- ABOUT THIS TASK
Your response is a verbatim copy of the listing, stripped of its images.

- EXERCISE INPUTS
*** Begin section ***

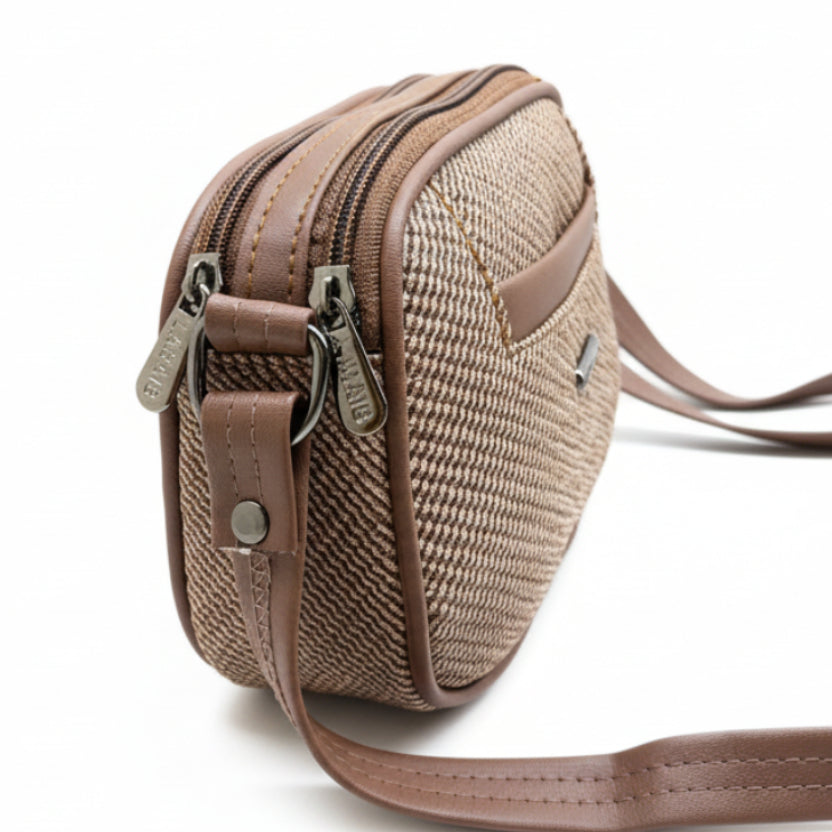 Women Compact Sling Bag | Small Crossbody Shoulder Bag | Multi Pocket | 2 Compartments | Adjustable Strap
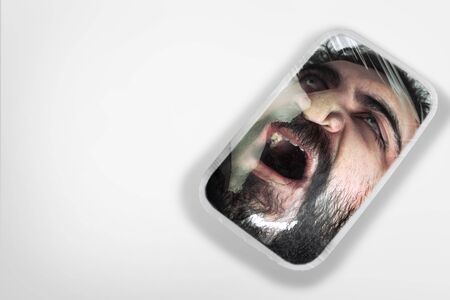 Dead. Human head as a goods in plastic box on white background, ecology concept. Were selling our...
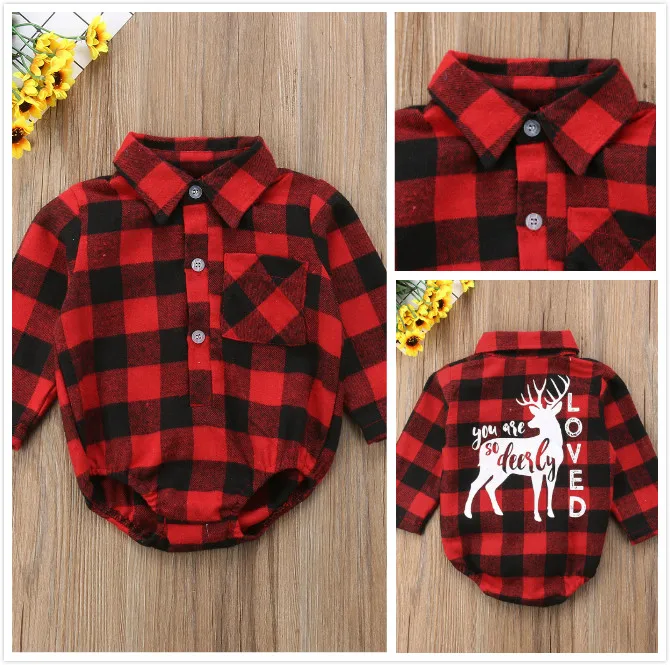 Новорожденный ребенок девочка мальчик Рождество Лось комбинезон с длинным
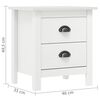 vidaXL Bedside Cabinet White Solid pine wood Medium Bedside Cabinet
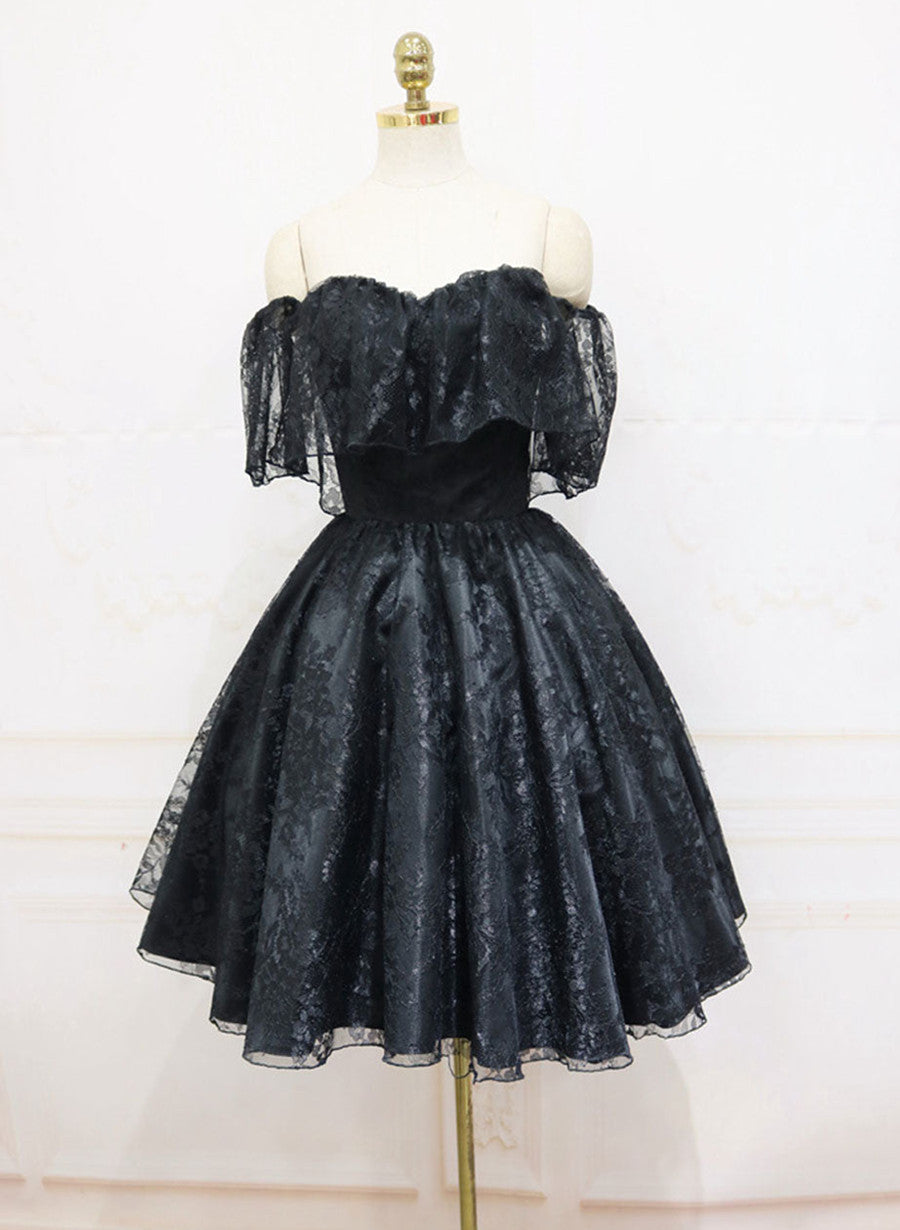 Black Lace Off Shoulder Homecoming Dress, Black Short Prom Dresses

*** End section ***

- ANSWER TO THIS TASK
 Women Compact Sling Bag | Small Crossbody Shoulder Bag | Multi Pocket | 2 Compartments | Adjustable Strap
 Dead. Human head as a goods in plastic box on white background, ecology concept. Were selling our...
 Новорожденный ребенок девочка мальчик Рождество Лось комбинезон с длинным
 vidaXL Bedside Cabinet White Solid pine wood Medium Bedside Cabinet
 Black Lace Off Shoulder Homecoming Dress, Black Short Prom Dresses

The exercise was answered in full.